# To determine the specific heat of kerosene, a 200 g iron weight heated to 96 degrees was lowered into

**To determine the specific heat of kerosene, a 200 g iron weight heated to 96 degrees was lowered into a brass calorimeter weighing 0.12 kg containing 0.1 kg of kerosene at a temperature of 20 degrees. The kerosene temperature rose to 40 degrees. Determine the specific heat of kerosene.**

Let’s compose the heat balance equation, the amount of heat given off by the hot iron weight is equal to the amount of heat received by the kerosene and the calorimeter.

The formula for the amount of heat: Q = cm (t2 – t1)

Qzh = cgmg (tg – tc); Qzh – the heat was given off by an iron weight; cg = 460J / kg ∙ ⁰C – specific heat of iron; mg = 200g = 0.2kg – weight of the weight; t = 96⁰С – weight temperature; tc = 40⁰С – mixture temperature.

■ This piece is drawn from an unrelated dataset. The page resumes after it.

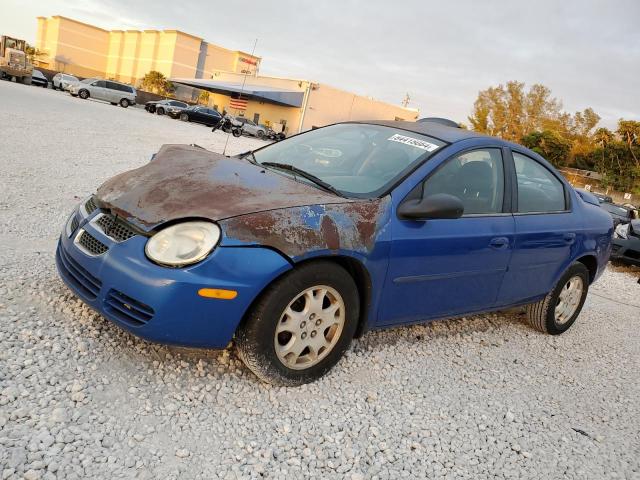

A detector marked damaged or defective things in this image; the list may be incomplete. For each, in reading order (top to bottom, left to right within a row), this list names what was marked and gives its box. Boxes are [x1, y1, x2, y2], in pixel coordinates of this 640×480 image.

rusted hood [95, 143, 350, 232]
damaged vehicle [53, 121, 608, 386]
damaged vehicle [608, 221, 640, 266]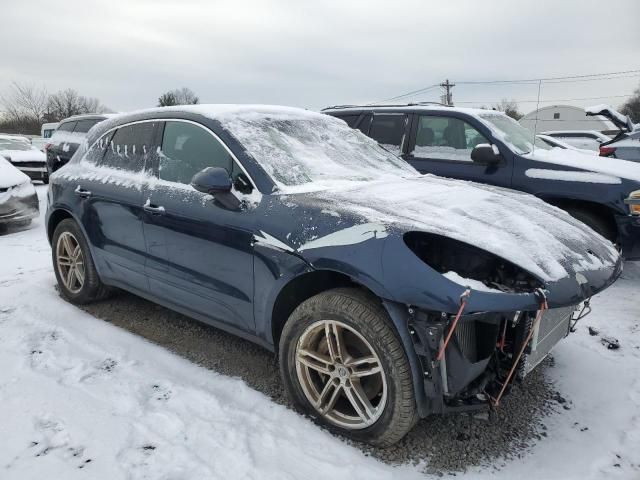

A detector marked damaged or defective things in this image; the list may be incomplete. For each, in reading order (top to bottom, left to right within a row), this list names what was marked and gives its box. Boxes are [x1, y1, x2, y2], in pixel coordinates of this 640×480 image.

Qк = cкmк (tс – tк); Qк – heat received by kerosene; cк =? – specific heat capacity of kerosene; mk = 0.1kg is the mass of kerosene; tc = 40⁰С – mixture temperature; tк = 20⁰С – initial temperature of kerosene;

Ql = slml (tc – tk); Ql is the heat received by the calorimeter; cl = 400J / kg – specific heat capacity of brass; ml = 0.12 kg is the mass of the calorimeter; ; tc = 40⁰С – mixture temperature; tк = 20⁰С is the initial temperature of the calorimeter;

Heat balance equation: ccmc (tc – tc) + slml (tc – tc) = cgmg (tg – tc);

Let us express the specific heat capacity of kerosene: cc = (cgmg (tg – tc) – slml (tc – tc)) / mc (tc – tc);

cc = (460 * 0.2 * 56 – 400 * 0.12 * 20): (0.1 * 20) = 2096

Checking the units

([J / (kg ∙ ⁰C) ∙ kg ∙ ⁰C] – [J / (kg ∙ ⁰C) ∙ kg ∙ ⁰C]): [kg ∙ ⁰C] = [J / (kg ∙ ⁰C)].